The security of personal information and data is very important to us, and due to this, Visa Service Desk has very strict policies. As detailed in point 7 of this statement, we must provide personal data to the destination countries of our customers, which may be located outside of the EU. These countries, governments, embassies, and the third parties engaged by them are themselves responsible for the security of the personal data that they receive. Aside from this, Visa Service Desk only uses third parties that process personal data within the EU on our behalf. Visa Service Desk ensures that the parties engaged by us process all personal data in accordance with our strict policies.
In addition, we use various technical and organizational measures to ensure that personal data cannot be misused or otherwise end up in the wrong hands. Examples of these measures include the use of encryption and the training of our employees in the field of privacy and data security. We ensure that if we forward any of your personal details to other organizations, such as our programmers, that these organizations adhere to our high standards.
9. How long do we keep your data?
Visa Service Desk ensures that your personal data is not stored longer than is necessary, unless we are obliged to keep this personal data longer for legal reasons or due to specific regulations.

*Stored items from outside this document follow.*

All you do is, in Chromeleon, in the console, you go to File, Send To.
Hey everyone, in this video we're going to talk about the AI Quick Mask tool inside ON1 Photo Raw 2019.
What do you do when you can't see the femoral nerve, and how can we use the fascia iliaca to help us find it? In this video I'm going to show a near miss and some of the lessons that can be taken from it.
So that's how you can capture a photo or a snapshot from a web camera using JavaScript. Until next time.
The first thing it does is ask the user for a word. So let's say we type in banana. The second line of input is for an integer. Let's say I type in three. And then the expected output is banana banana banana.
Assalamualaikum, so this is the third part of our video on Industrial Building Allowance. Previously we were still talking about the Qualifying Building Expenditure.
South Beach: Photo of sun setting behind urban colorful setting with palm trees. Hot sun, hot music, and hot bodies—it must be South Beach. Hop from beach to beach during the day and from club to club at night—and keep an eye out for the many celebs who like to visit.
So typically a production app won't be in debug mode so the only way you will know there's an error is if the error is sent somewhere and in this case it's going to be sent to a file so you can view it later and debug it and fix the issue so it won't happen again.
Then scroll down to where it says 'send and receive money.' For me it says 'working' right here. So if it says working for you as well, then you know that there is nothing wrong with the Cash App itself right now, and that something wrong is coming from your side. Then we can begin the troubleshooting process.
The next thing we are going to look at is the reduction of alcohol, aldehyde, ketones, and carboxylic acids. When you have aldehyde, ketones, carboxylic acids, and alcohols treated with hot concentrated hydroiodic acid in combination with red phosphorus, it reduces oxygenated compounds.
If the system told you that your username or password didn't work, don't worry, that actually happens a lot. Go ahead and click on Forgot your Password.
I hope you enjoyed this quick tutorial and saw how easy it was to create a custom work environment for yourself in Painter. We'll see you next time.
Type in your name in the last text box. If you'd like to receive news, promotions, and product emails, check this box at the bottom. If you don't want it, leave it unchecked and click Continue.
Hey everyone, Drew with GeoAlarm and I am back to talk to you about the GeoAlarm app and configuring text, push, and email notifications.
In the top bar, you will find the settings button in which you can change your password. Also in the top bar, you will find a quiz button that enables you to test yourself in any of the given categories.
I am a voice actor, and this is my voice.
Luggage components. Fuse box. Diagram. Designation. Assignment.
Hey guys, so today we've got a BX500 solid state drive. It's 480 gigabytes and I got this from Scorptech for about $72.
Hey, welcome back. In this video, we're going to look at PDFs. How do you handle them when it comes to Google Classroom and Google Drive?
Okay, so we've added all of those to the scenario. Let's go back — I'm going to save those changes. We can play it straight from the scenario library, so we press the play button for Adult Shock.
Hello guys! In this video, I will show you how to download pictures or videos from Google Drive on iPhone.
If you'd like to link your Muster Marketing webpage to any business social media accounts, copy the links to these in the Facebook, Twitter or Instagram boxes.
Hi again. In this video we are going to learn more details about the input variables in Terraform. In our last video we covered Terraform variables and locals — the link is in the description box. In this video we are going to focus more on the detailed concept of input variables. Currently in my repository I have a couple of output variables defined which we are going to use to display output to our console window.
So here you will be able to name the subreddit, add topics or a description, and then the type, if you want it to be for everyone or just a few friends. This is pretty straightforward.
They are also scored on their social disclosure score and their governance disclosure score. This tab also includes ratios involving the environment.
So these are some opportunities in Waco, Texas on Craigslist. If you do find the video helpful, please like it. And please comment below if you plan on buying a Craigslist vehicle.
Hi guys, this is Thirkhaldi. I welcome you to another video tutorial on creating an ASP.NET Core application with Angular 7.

10. What rights do you have on the basis of the processing of personal data?
Visa Service Desk believes it is important that our customers can properly exercise their rights based on the law. These rights are guaranteed under the General Data Protection Regulation (GDPR). That is why we have made it very easy to contact us:
- The right of access: You have the right to inspect which of your personal data we process.
- The right of correction: If the personal data we process about you is incorrect, you have the right to have it changed.
- The right to erasure: If we no longer need your personal data for the purpose for which we received it, you have the right to ask us to erase it. There are a number of exceptions to this, such as our obligation to keep certain data for, among others, the tax authorities.
- The right to restriction: During the period that we are in the process of determining whether your data needs to be rectified, determining if the processing is unlawful and you oppose the erasure of the personal data and request the restriction of their use instead, or determining whether your data should be deleted or if you have objected to the processing of your data, you have the right to request the restriction of processing.
- The right to data portability: At your request, we must transfer all personal data that we have about you to you or another organization of your choice. You can only exercise this right if the data is processed on the basis of consent or agreement.
- The right to object: If we process your data on the basis of legitimate interest or public interest, it is possible to object, after which a weighing of interests will follow. In the case of direct marketing, you always have the right to object.
11. Submission of a complaint to the relevant authority: The Dutch Data Protection Authority
Visa Service Desk strives to ensure that all of our customers are satisfied. Even though we do everything we can to achieve this, it may occur that you as a customer are not satisfied. If this concerns the protection of personal data, then it is possible for you to file a complaint with the Dutch Data Protection Authority. This can be done via this link: https://autoriteitpersoonsgegevens.nl/nl/contact-met-de-autoriteit-persoonsgegevens/tip-ons
12. How can you contact us?
If you have any questions or if you would like any additional information regarding your data security rights, please contact us via the following methods:
- Email: privacyofficer@visaservicedesk.com
- Mailing Address: Visa Service Desk B.V., info@visaservicedesk.com
- Telephone: +31 85 051 2525
13. Version Control and Updates
Visa Service Desk reserves the right to update this Privacy Statement. We will notify users of significant changes via email or a notice on our website. The date of the latest version will always be indicated at the top of this statement.